また、このホルモーという戦いが、日本の文化を長く育んできた京都で展開されるというのが日本人の潜在意識をぐりぐりやられる気がします。

もう端的に言ってしまえば、京都への憧れを刺激されるのです!! 魑魅魍魎、鵺、陰陽、こういう世界ですよ。

吉田神社でお参りし、三回生から一回生へ代替わりをするのを神様が見届けるだって? すると鬼や式神が見えるようになるとか? こういうお話がまことしやかに語られても何の違和感もなさそうなのが京都、じゃありませんか?

私は仕事で大阪から四条烏丸河原町を行くくらいの道路を見知っただけで、あとは観光くらいしか分かりません。

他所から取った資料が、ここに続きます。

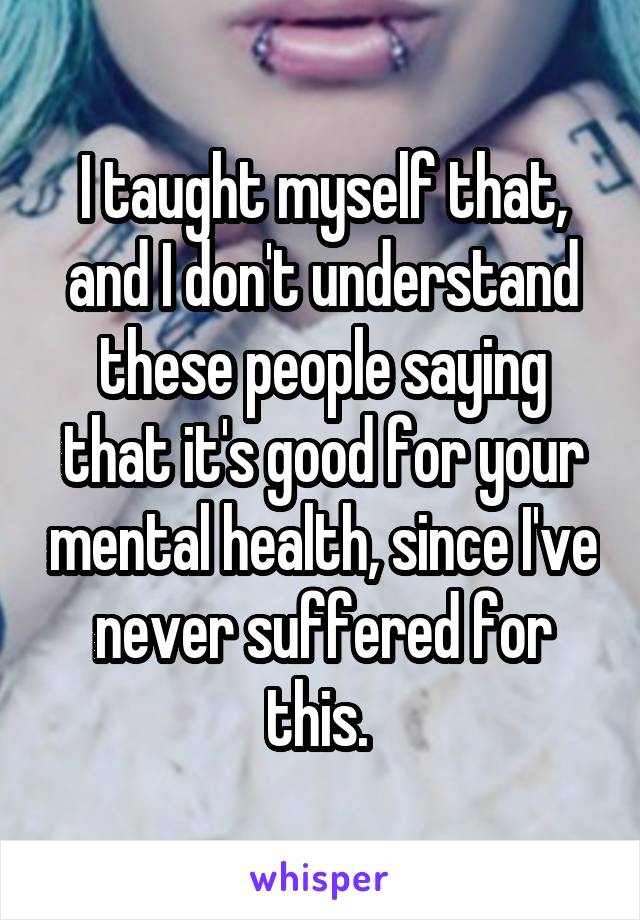 I taught myself that, and I don't understand these people saying that it's good for your mental health, since I've never suffered for this.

でも本作では鴨川デルタであったり、百万遍であったり、良く分からんけどまあ京都の地名が出てくるわけです。

日常の生活の陰に、異次元の何かが何食わぬ顔で潜んでいる、なんて想像もしてしまいます。まあ、そういう憧れを刺激されます。

 

あ、オチはないですが、高2の時に京大模試というのを受けて6点(偏差値は38くらい?)とって、やっぱり私大文系だと決めた記憶があります(30年前の話。言いたいだけ)。

 

おわりに

ということで忘れていたくらい久しぶりな万城目氏の作品でした。

次に京都に行く際は、事前にこの作品と森見氏の作品を読んだうえで観光に行ってみたいものです。

 

まあそれとは関係なく、青春小説が読みたい方にはお勧め。読後の爽やかさが素晴らしいですよ。